The proposed method achieves higher or comparable accuracy compared to existing methods with the same settings on 6 mainstream video datasets and 7 few-shot splits, demonstrating the overall effectiveness of the method. The ablation experiments demonstrate the role of each module. The paper also demonstrates the training efficiency of the method, shows its cross-domain understanding ability, and provides qualitative visualizations of attention maps.
| Dataset | Backbone | Config | Top-1 Acc (Previous SOTA) |
Top-5 Acc (Previous SOTA) |
Download CKPT |
|---|---|---|---|---|---|
| Kinetics | CLIP ViT-B/32 | config | 86.2 (82.0) | 95.1 (91.4) | wget --no-check-certificate https://cloud.tsinghua.edu.cn/f/17c1e58c34144481967a/?dl=1 |
| minissv2_small | CLIP ViT-B/32 | config | 52.1 (48.3) | 71.2 (64.1) | wget --no-check-certificate https://cloud.tsinghua.edu.cn/f/2a560b10b1b54976afa6/?dl=1 |
| minissv2_full | CLIP ViT-B/32 | config | 61.5 (59.0) | 74.7 (74.9) | wget --no-check-certificate https://cloud.tsinghua.edu.cn/f/25948c7b28a34ceab949/?dl=1 |
| HMDB51 | CLIP ViT-B/32 | config | 73.4 (71.1) | 87.1 (83.9) | wget --no-check-certificate https://cloud.tsinghua.edu.cn/f/e76620555fb242b794a9/?dl=1 |
| UCF101 | CLIP ViT-B/32 | config | 91.9 (92.6) | 97.5 (96.8) | wget --no-check-certificate https://cloud.tsinghua.edu.cn/f/ae95b2f886934b288292/?dl=1 |
| Diving48 | CLIP ViT-B/32 | config | 75.7 (74.4) | 90.1 (85.6) | wget --no-check-certificate https://cloud.tsinghua.edu.cn/f/f6787f69207d4ace9c87/?dl=1 |
| Gym99 | CLIP ViT-B/32 | config | 91.3 (90.0) | 95.4 (93.6) | wget --no-check-certificate https://cloud.tsinghua.edu.cn/f/5bf3a6e177d840b4abdb/?dl=1 |
- Previous SOTA here refers to HyRSM (CVPR 2022), with its backbone replaced by CLIP ViT-B/32.
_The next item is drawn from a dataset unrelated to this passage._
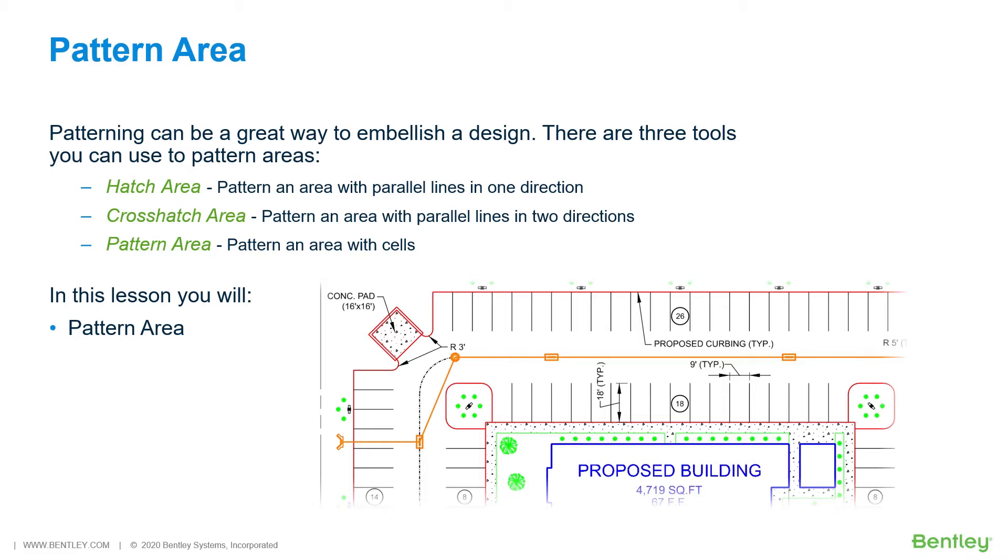The Pattern Area tool will be used to create a concrete stippling pattern for the concrete dumpster pad as well as the sidewalk encompassing the proposed building. While you work through the lessons in this course, you will pattern area.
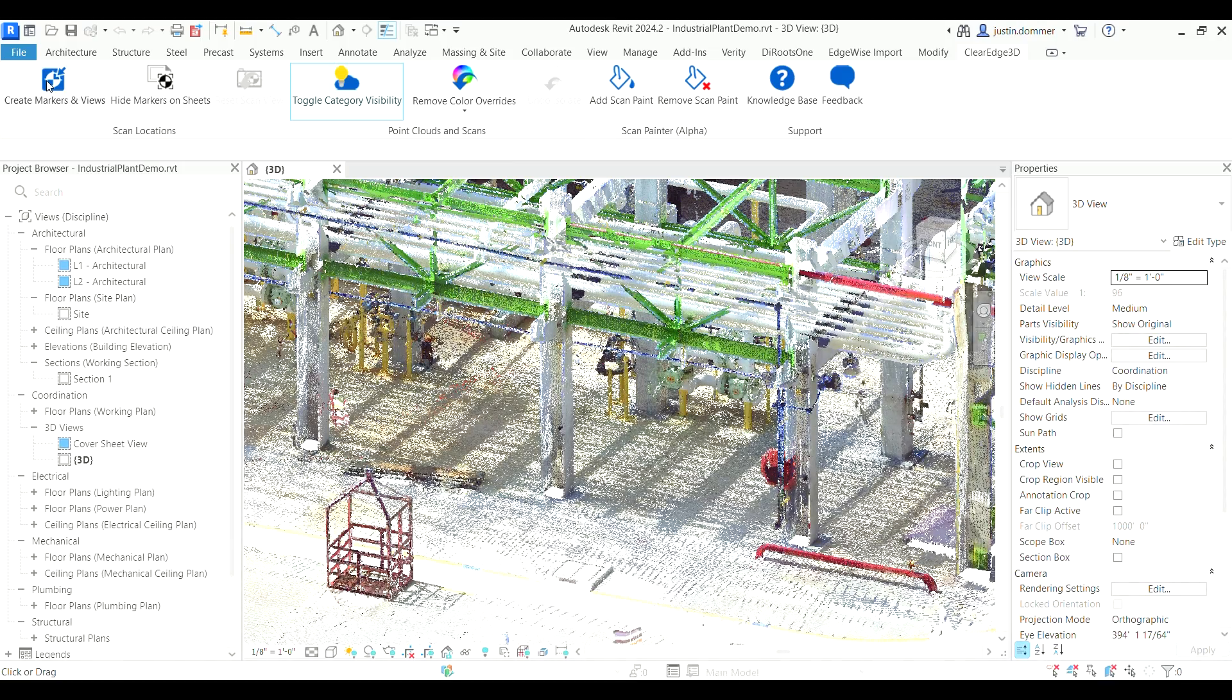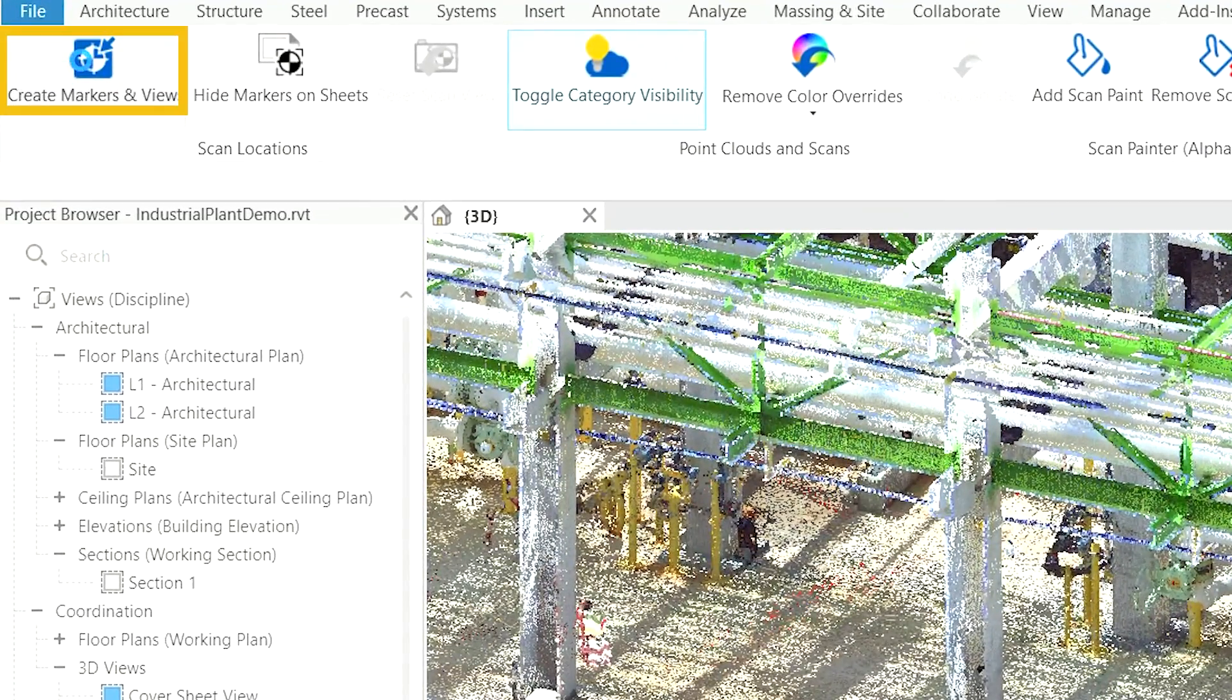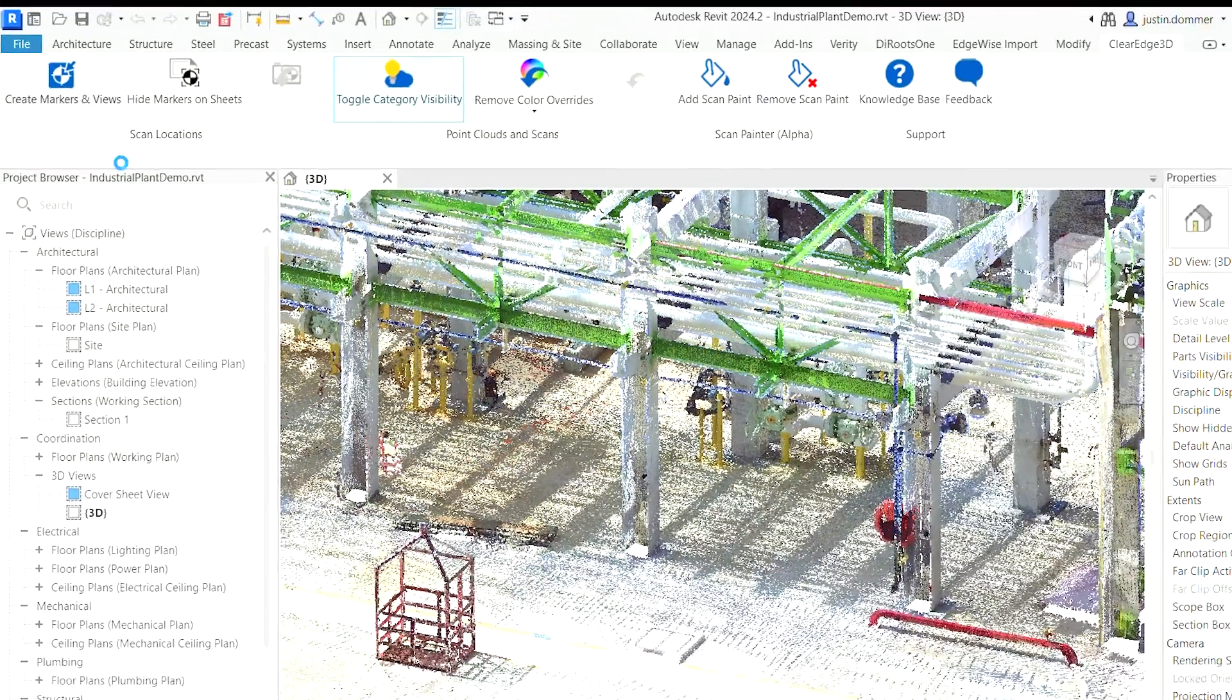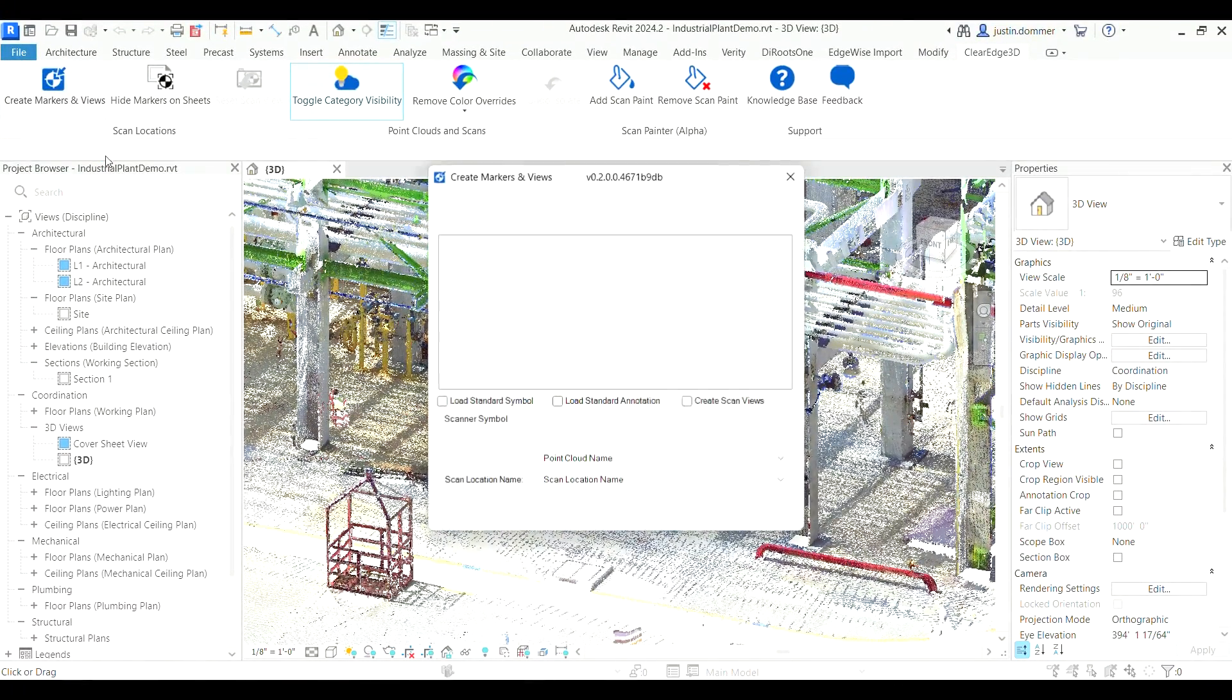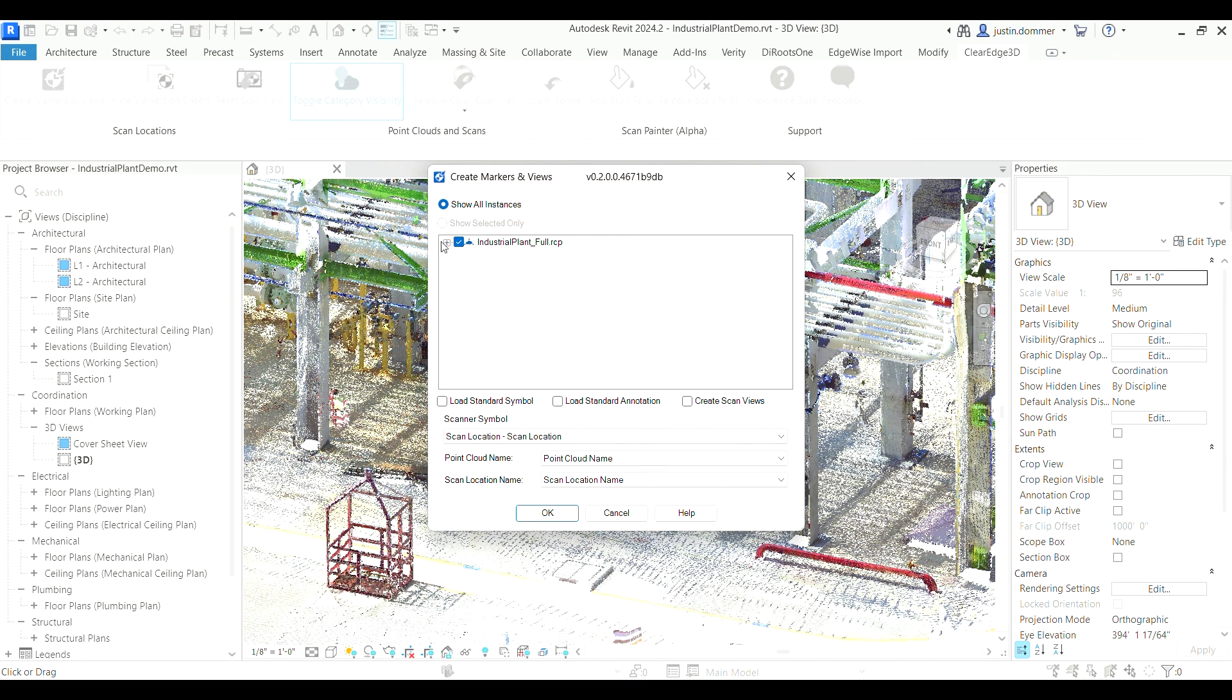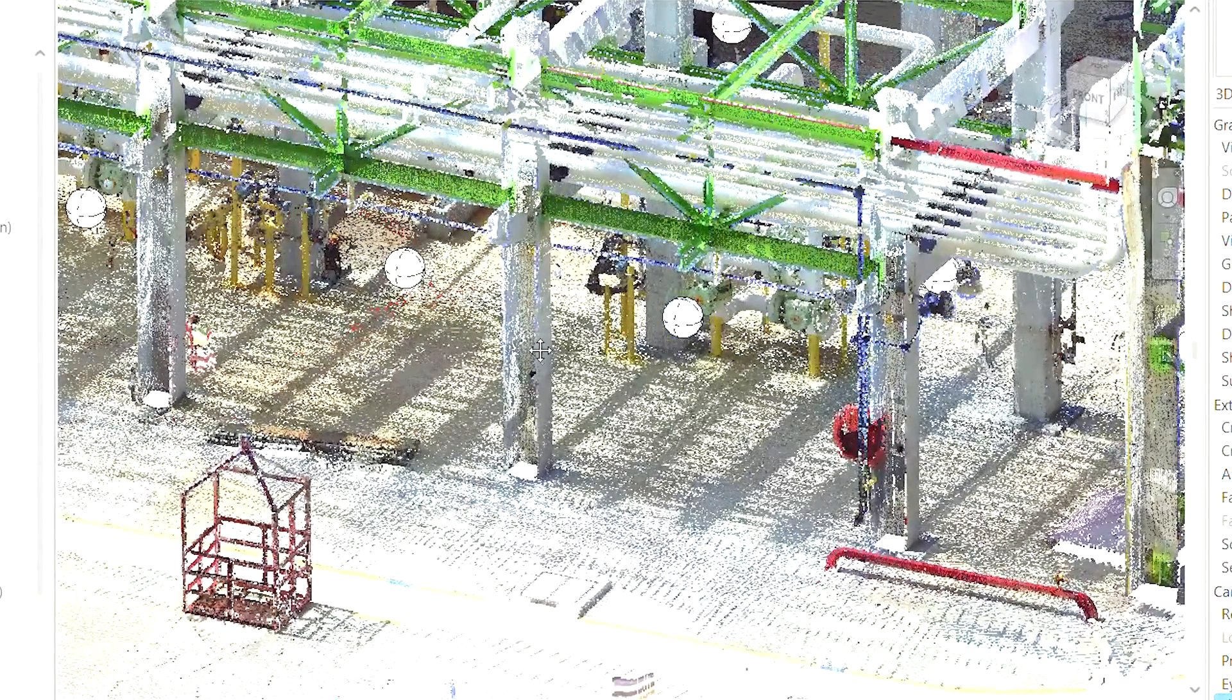Before we get down to business, make sure that you've created your scan markers. Navigate to the ClearEdge 3D tab and click the create scan markers and views button. This action will place scanner orbs within your Revit project corresponding to each scan position. This step is essential at the beginning of every project when you intend to use the plugin's capabilities.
# prepare conda environment
conda create -n vba python=3.8
pip install torch==1.10.0+cu113 torchvision==0.11.0+cu113 torchaudio==0.10.0 -f https://download.pytorch.org/whl/torch_stable.html
pip install mmcv-full==1.5.0 -f https://download.openmmlab.com/mmcv/dist/cu113/torch1.10.0/index.html
pip install decord scipy einops tensorboard imgaug setuptools==59.5.0 yapf==0.40.1 numpy==1.23.0
pip install -e .
# prepare pretrained weights
wget https://openaipublic.azureedge.net/clip/models/40d365715913c9da98579312b702a82c18be219cc2a73407c4526f58eba950af/ViT-B-32.pt
mv ViT-B-32.pt root_dir/data/clip_weight/This repo only provides few-shot data for Mini-Kinetics, Mini-SSV2, HMDB51, UCF101, and Diving48. For Gym99, please refer to its official repo.
# Mini-Kinetics, about 6G
cd root_dir/data/minikinetics
wget --no-check-certificate https://cloud.tsinghua.edu.cn/f/8b68f113b19a48338072/?dl=1
mv index.html\?dl\=1 minikinetics_videos.zip
unzip -q minikinetics_videos.zip
# Mini-SSV2, about 8G
cd root_dir/data/minissv2
wget --no-check-certificate https://cloud.tsinghua.edu.cn/f/bde18b48b9054143a1f4/?dl=1
mv index.html\?dl\=1 minissv2_videos.zip
unzip -q minissv2_videos.zip
# HMDB51, about 2G
cd root_dir/data/hmdb51
wget --no-check-certificate https://cloud.tsinghua.edu.cn/f/dd6fe5c35eb44b3fa2ca/?dl=1
mv index.html\?dl\=1 hmdb51_videos.zip
unzip -q hmdb51_videos.zip
# UCF101, about 7G
cd root_dir/data/ucf101
wget --no-check-certificate https://cloud.tsinghua.edu.cn/f/075698d33fcb4c6e84e9/?dl=1
mv index.html\?dl\=1 ucf101_videos.zip
unzip -q ucf101_videos.zip
# Diving48, about 5G
cd root_dir/data/diving48
wget --no-check-certificate https://cloud.tsinghua.edu.cn/f/d6e13e50c9b64bfca9b0/?dl=1
mv index.html\?dl\=1 diving48_videos.zip
unzip -q diving48_videos.zippython tools/train.py <config_path> --validate # train
python tools/test.py <config_path> <ckpt_path> # testTo get the exact results in the paper, please use the provided data & ckpt, and refer to tools/train_and_test0.sh and tools/train_and_test1.sh.